Top Google BigQuery Interview Questions (2024)
What is Google BigQuery?
Explain Google BigQuery architecture?
How to batch load data into GCP BigQuery from Cloud Storage or from a local file as a batch operation?
How to create a time-unit column-partitioned table in GCP BigQuery?
What is Window Functions and why to use in GCP BigQuery?
How to use Window Functions, give some example?
How to get top 3 rank results for each group using Window Function in GCP BigQuery?
In GCP BigQuery, can you generate an extra column in the SQL Query to add a suffix to distinguish duplicate ids as "serial number"?
How to troubleshoot Common SQL Errors with BigQuery?
What query would you use to find each user between two dates in GCP BigQuery?
Q: What is Google BigQuery?
Ans:
Google BigQuery is a cloud-based big data analytics web service used for processing very large read-only data sets. BigQuery is a fully managed, serverless data warehouse that allows for scalable data processing over petabytes. It's a Platform as a Service that offers ANSI SQL querying. Machine learning capabilities are also built-in.
Q: Explain Google BigQuery architecture?
Ans:
BigQuery makes use of a large number of multi-tenant services that are driven through low-level Google infrastructure technologies like Dremel, Colossus, Jupiter, and Borg.
Dremel
- Compute is Dremel, a large multi-tenant cluster that runs SQL queries.
- Dremel creates execution trees from SQL queries. The tree's leaves, known as slots, handle the heavy work of reading data from storage and performing any required computations. The aggregation is performed by the tree's branches, which are called "mixers."
Colossus
- Storage is Colossus, Google's global storage system.
- To store data in Colossus, BigQuery uses the columnar storage format and compression algorithm, which is suited for reading massive amounts of structured data.
- Colossus also takes care of replication, recovery (in the event of disc failure), and distributed management (so there is no single point of failure). BigQuery users can use Colossus to scale to dozens of petabytes of data stored in real time.
-
Jupiter
- The petabit Jupiter network allows Compute and Storage to communicate with one another.

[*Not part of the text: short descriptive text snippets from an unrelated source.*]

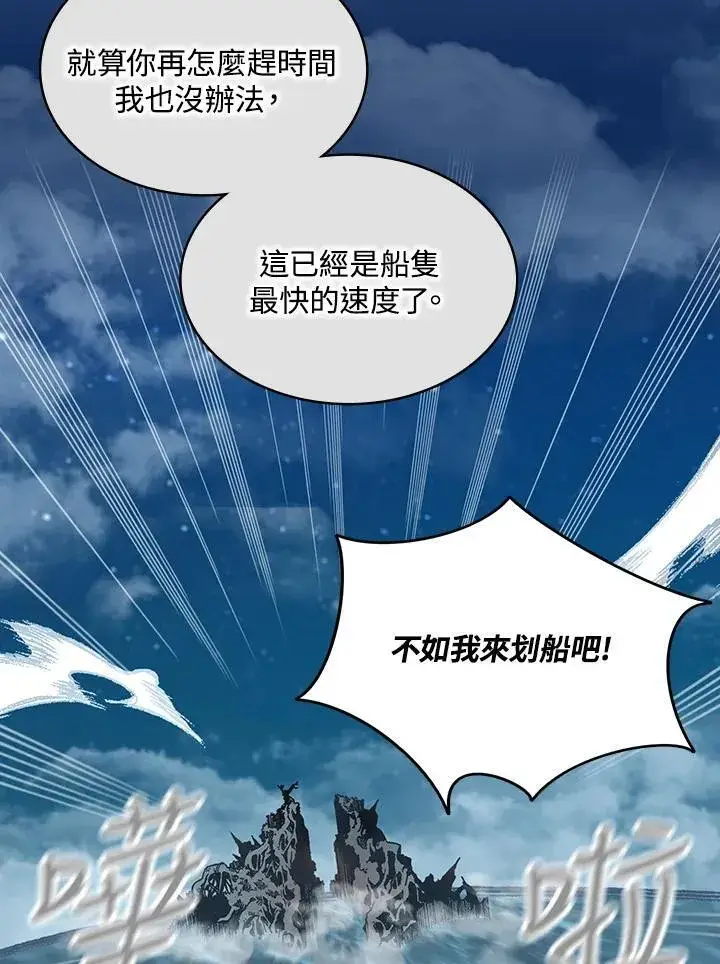 漫画《战王传记》第124话第52张图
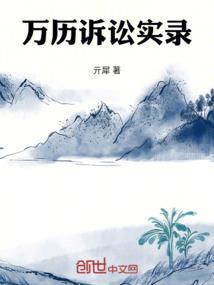 这货是天使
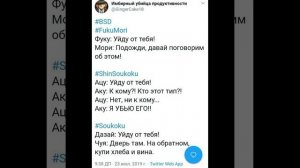 Озвучка по Соукоку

- Between Storage and Compute, there's shuffle,' which uses Google's Jupiter network to move data very quickly from one place to another.
-
Borg
- BigQuery is orchestrated via Borg, Google's precursor to Kubernetes.
- For the processing of data, BigQuery uses Borg. At the same time, Borg works in thousands of Dremel clusters consisting of ten thousand machines. Borg handles fault tolerance as well as the assignment of Compute capacity for jobs at Dremel.

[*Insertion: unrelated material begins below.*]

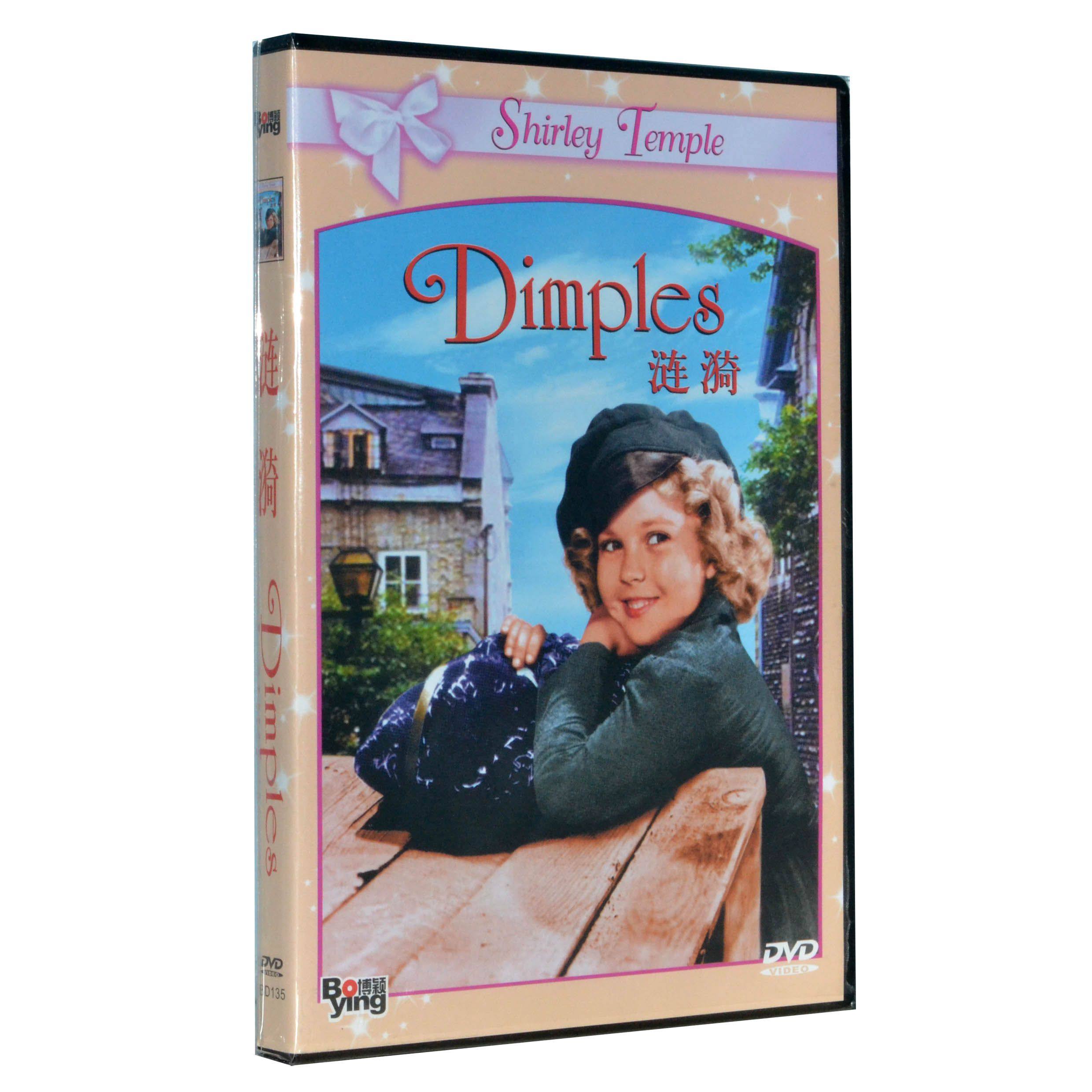 原装◆正版秀兰邓波儿经典电影 涟漪 盒装 1dvd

Take a look at our Suggested Posts :
Q: How to batch load data into GCP BigQuery from Cloud Storage or from a local file as a batch
operation?
Ans:
As a batch operation, you can load data into BigQuery from Cloud Storage or a local file.

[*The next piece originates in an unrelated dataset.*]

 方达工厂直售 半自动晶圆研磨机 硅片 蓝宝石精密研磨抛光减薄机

Loading data from Cloud Storage
Any of the following formats can be used to store the source data:- Avro
- Comma-separated values (CSV)
- JSON (newline-delimited)
- ORC
- Parquet
- Firestore exports stored in Cloud Storage. Go to Create table -> select Cloud Storage to load data from Cloud Storage.
Loading data from local files
Go to Create table -> select Upload to load data from local files.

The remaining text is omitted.